Given data »
· · · ·
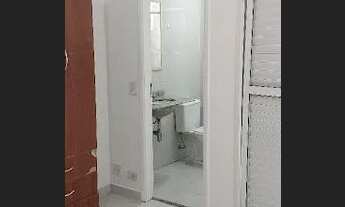 Imagem 5: Apartamento com 3 dormitórios para alugar, 63 m² por R$ 2.802,57/mês - Vila Butantã - São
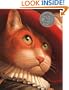 Puss in Boots (Sunburst Book)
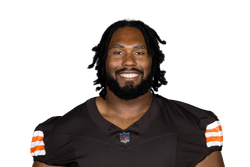 Jowon Briggs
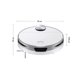 thumbnail image 5 of Aspiradora Robot JetBot+ con Sensor LiDar y Clean Station, 5 of 22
· · · ·
Return to the listing above and set it down exactly, leaving out its pictures.

 Imagem 5: Apartamento com 3 dormitórios para alugar, 63 m² por R$ 2.802,57/mês - Vila Butantã - São
 Puss in Boots (Sunburst Book)
 Jowon Briggs
 thumbnail image 5 of Aspiradora Robot JetBot+ con Sensor LiDar y Clean Station, 5 of 22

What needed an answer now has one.